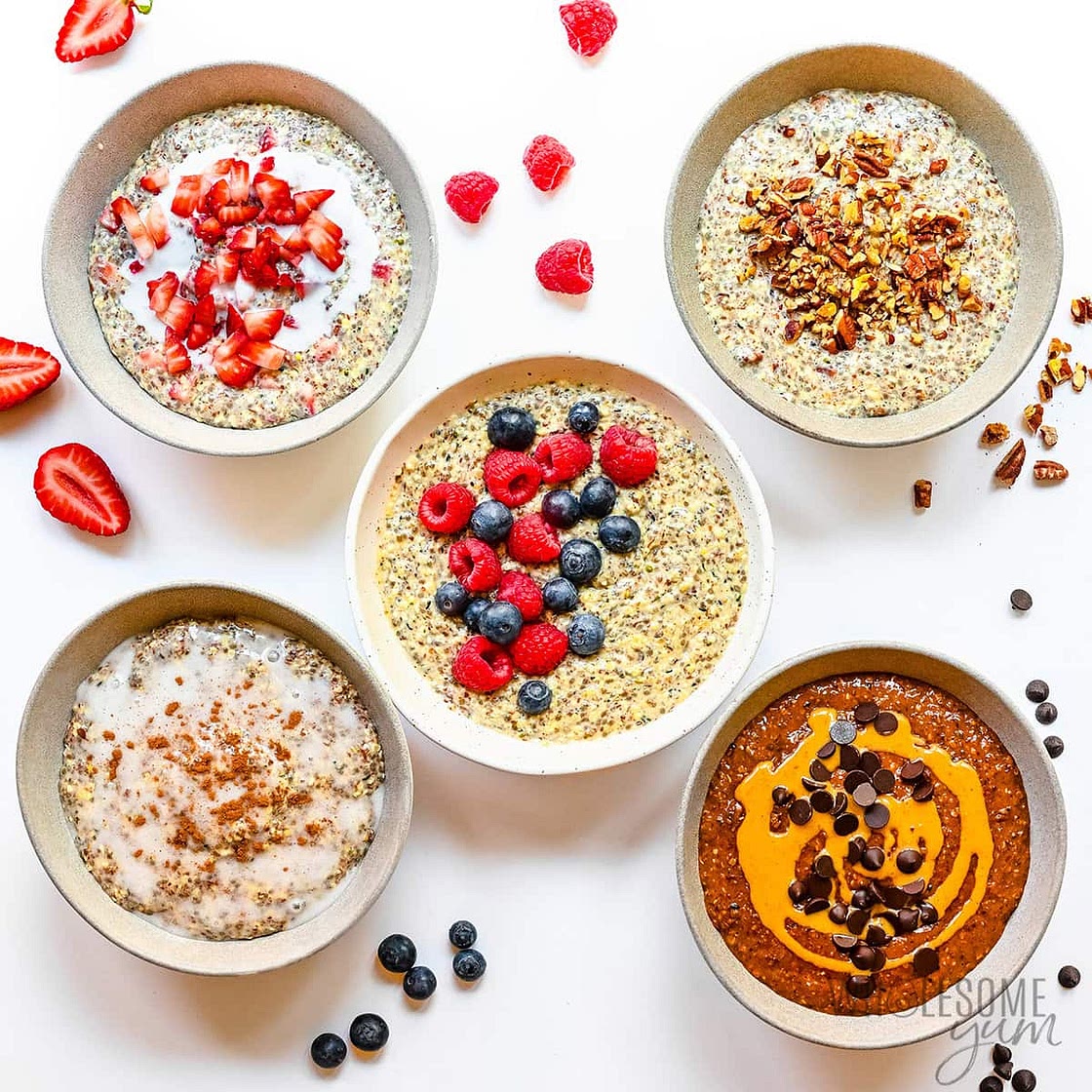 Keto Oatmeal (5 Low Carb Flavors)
--
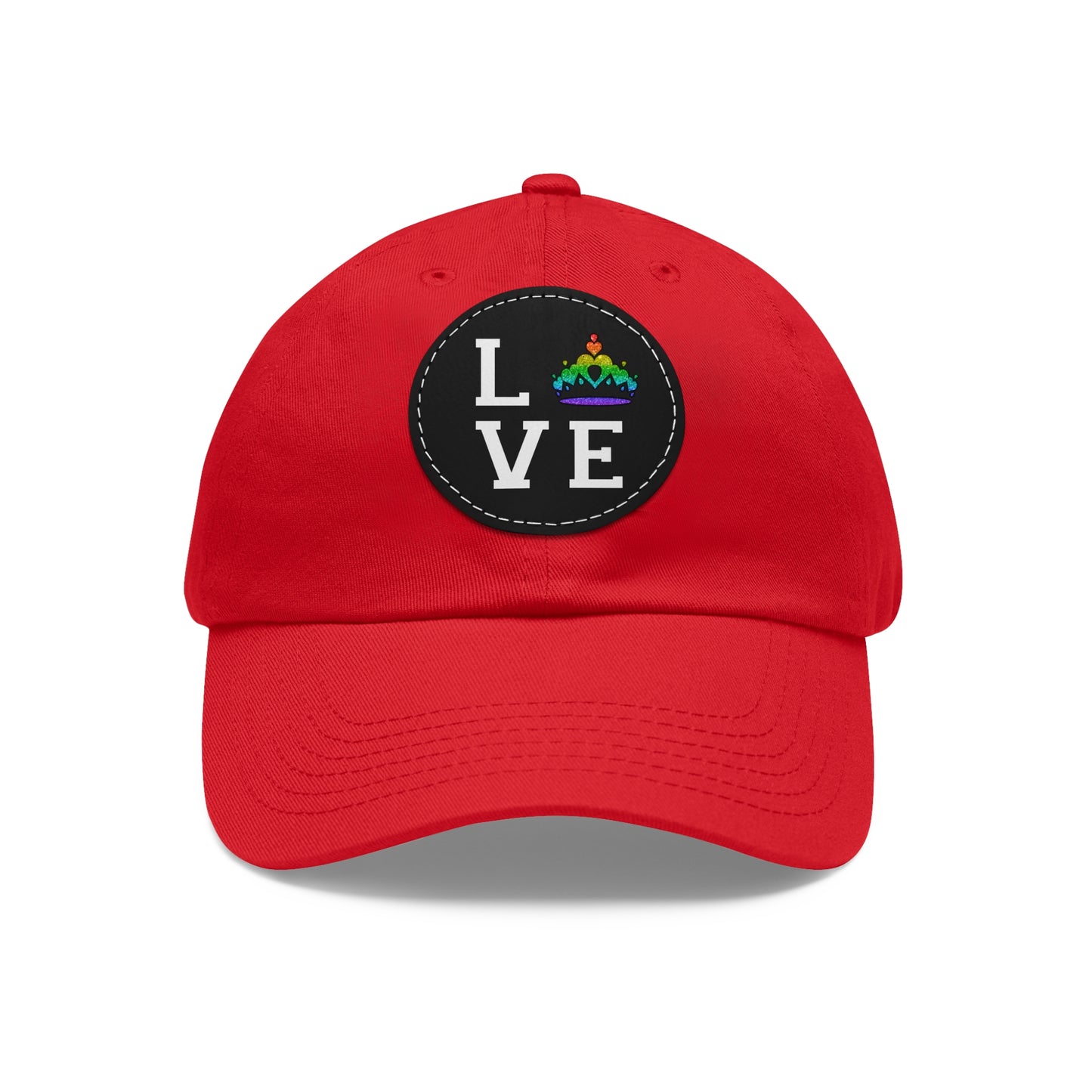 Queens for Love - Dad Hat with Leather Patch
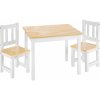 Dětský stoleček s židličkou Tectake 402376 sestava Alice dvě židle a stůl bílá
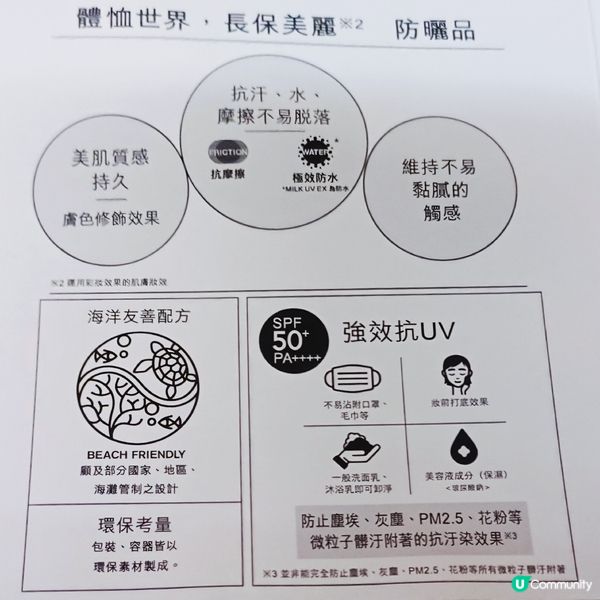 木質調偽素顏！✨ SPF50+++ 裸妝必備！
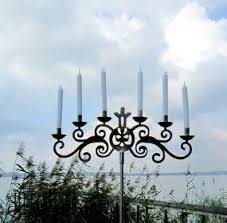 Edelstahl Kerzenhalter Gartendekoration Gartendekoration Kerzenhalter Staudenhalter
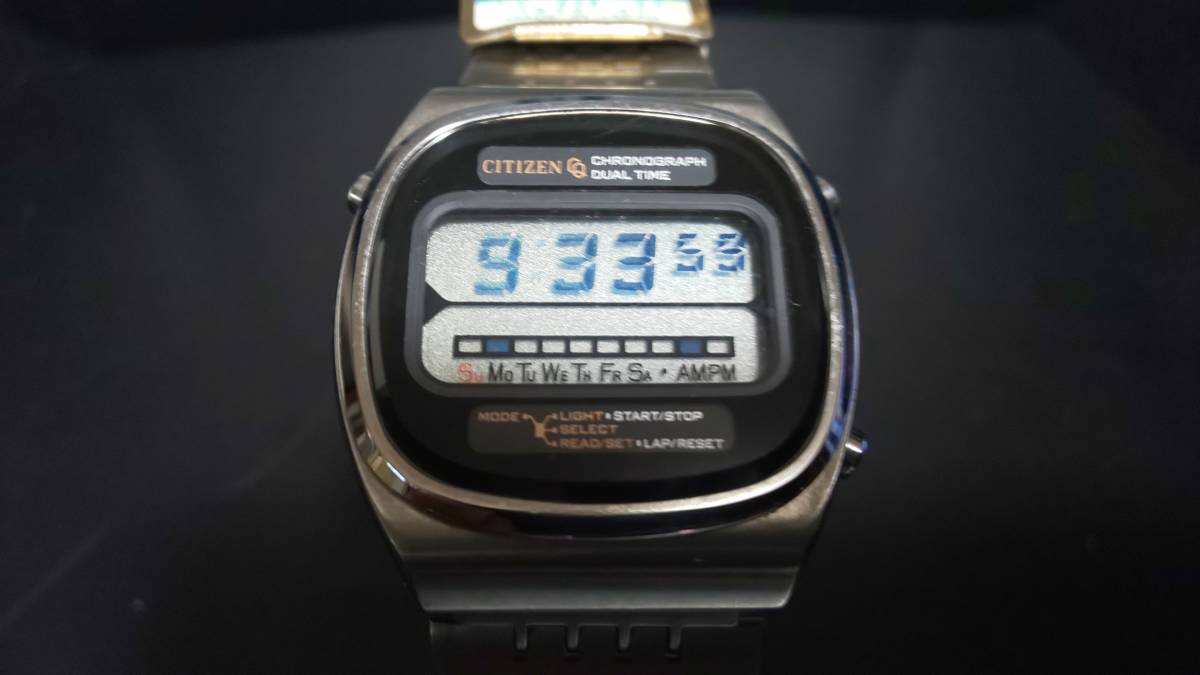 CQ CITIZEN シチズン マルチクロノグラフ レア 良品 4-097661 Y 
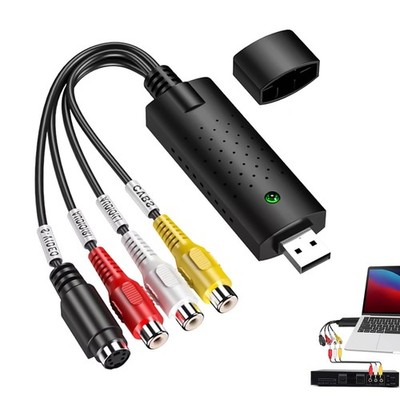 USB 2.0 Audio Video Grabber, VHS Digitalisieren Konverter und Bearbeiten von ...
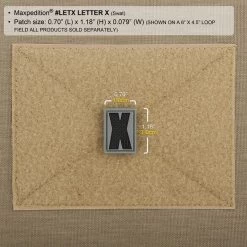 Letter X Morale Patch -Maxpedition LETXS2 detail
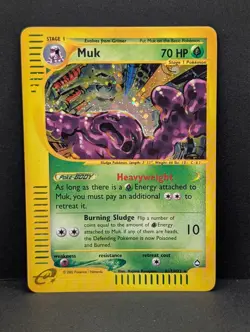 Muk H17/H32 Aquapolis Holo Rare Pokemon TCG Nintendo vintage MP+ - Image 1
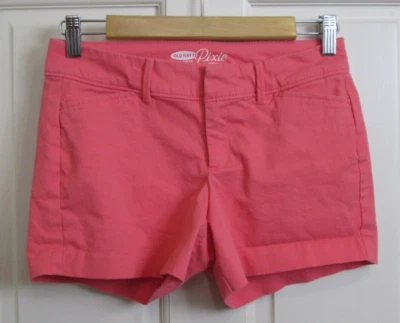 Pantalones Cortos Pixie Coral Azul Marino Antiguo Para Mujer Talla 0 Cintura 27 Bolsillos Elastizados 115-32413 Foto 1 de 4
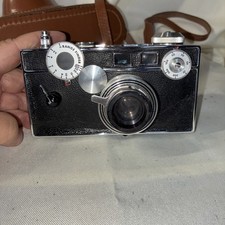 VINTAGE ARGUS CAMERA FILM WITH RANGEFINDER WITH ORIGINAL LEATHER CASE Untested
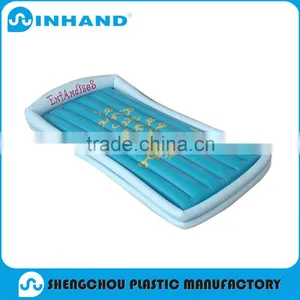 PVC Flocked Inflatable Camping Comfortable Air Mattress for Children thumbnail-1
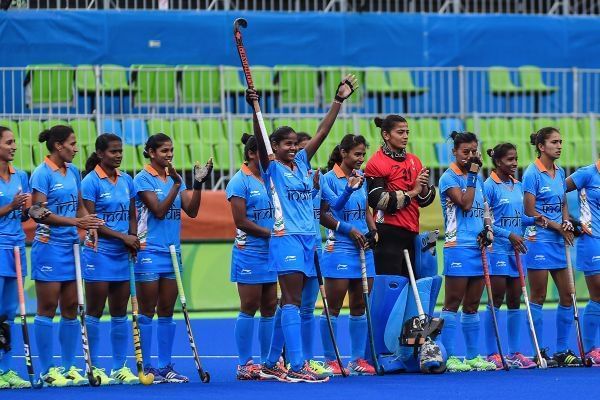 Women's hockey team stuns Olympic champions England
--
** WORK TASK **
Leaving out the pictures, please output the lines in the entries above from the one with "Muk H17/H32 Aquapolis" through the one with "Women's hockey team", exactly as they are.

** SOLVED PROBLEM **
 Muk H17/H32 Aquapolis Holo Rare Pokemon TCG Nintendo vintage MP+ - Image 1
 Pantalones Cortos Pixie Coral Azul Marino Antiguo Para Mujer Talla 0 Cintura 27 Bolsillos Elastizados 115-32413 Foto 1 de 4
 VINTAGE ARGUS CAMERA FILM WITH RANGEFINDER WITH ORIGINAL LEATHER CASE Untested
 PVC Flocked Inflatable Camping Comfortable Air Mattress for Children thumbnail-1
 Women's hockey team stuns Olympic champions England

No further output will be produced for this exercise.